If ground truth f0 is not estimated accurately enough, then some discretization scheme similar to Emmanuel's suggestions would be appropriate, but I disagree with just MIDI pitches, as they are too coarse, especially with vocal parts.
About annotating -nothing different from what was done last year:
- get multi-track recordings and produce a monophonic wav file for the melody (say the voice track or the sax track) and a polyphonic wav file with the full mixture (a lot of people on this area have recordings of their own music or have access to recordings of other's people music, and should be willing to distribute 30s segments of songs for research purposes).
- Run the monophonic track through a monophonic pitch estimator and use the results as a reference for people to "correct"/edit as they consider necessary. We could use some tools for that like UPF's SMStool.
About improving last year's test set:
- we need to eliminate ambiguous cases like the Beatles song (pop1) where vocal arrangements create more than one possible melody at times.
- We need cross-annotations: even using the above mentioned method for annotation, you cannot consider that data to be ground-truth. The proper thing will be to have a few people annotate the same music, so that we can use the variability of their annotations as a guide for comparison. There are two main things to be annotated: a) the pitch of the melody during melodic segments; b) the temporal boundaries of the melodic segments. We can measure variability of a) in Hz (or fractions of tones) and variability of b) in seconds.
- I agree with Emmanuel on that having a F0-deviation error is not the best choice given the nature of the ground-truth. For every frame we should consider hit or miss depending on the detection being within a tolerance window around the annotated value or not. This tolerance window could be fixed (e.g. a 1/4 tone) or could be variable (derived from the variability between annotations, as suggested by Levau for the case of onsets - ISMIR 04). I'll be in favour of the second.
- I am not entirely sure about last year's 3rd evaluation (segmenting to MIDI values), mainly because for a lot of music melody is better described as a time-varying curve rather than as a sequence of segmented notes (e.g. for voice, sax, etc). In fact, when I did the experiments last year, "segmented" melodies sounded awful most of the time (except for fairly artificial cases like the midi files or one of the daisy samples).

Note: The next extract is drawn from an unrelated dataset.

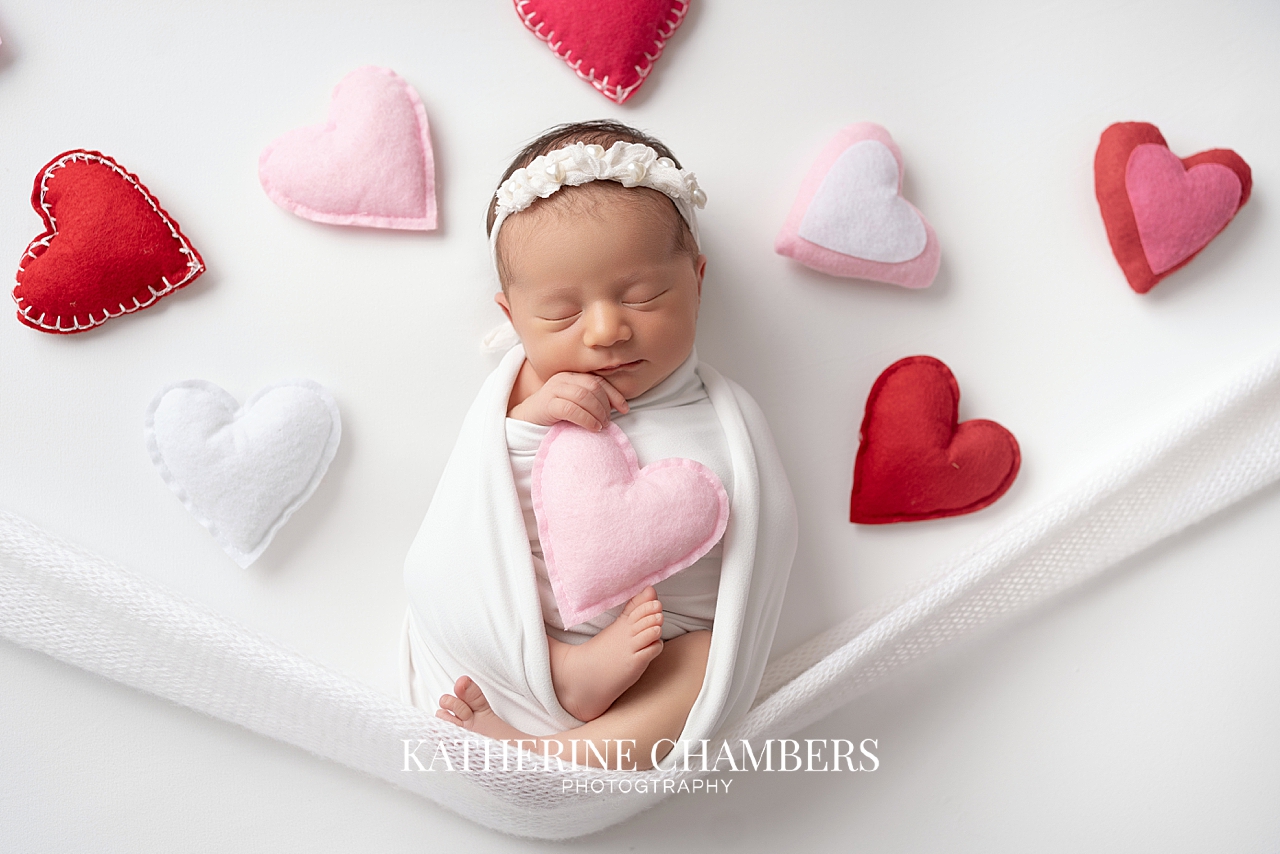 Hearts and valentine's for newborn baby girl Siena at her newborn session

- I think we could separately evaluate the temporal segmentation of melodic tracks (sections of the song containing melody). It is a problem of its own that deserves attention. It'll be interesting to see which approach gives you the best segmentation as opposed to which one gives you the best pitch estimation. For this we don't need annotation of accompaniment as segments will be classified simply as melodic or non-melodic.
Emilia (UPF)'s comments
Just making some additional comments from last year's experience:
1.- "UPF should make available any semi-automatic tool for evaluation used last year". Regarding the annotation tools used last year, there was wavesurfer for melodic annotations: http://www.speech.kth.se/wavesurfer/ It is free software and may be used. Also SMSTools for fundamental frequency annotations, plus some manual corrections.
2.- On different voices: this can be one of the main difficulties in melody extraction, to determine which is the "predominant" melody. Maybe this problem can be solved with cross-annotations.
3.- On melody vs predominant pitch: the ability to find the melody was measured in the evaluation metric number 3. In last's year competition, we found that most of the approaches only output a pitch envelop, not a melody. That takes us to the question: is it pitch = melody?
Should we then consider the contest as "predominant pitch estimation" instead of "melody extraction"?. Interesting and unanswered question ... :-)
4.- Related to pitch vs quantized pitch: it is true that we use already an algorithm for generating a ground truth + manual corrections. It was agreed by participatns that quantized pitch would be too coarse. I think that, although there might be a metric related to quantized pitch, there should be an evaluation metric considering expressive variations of the pitch.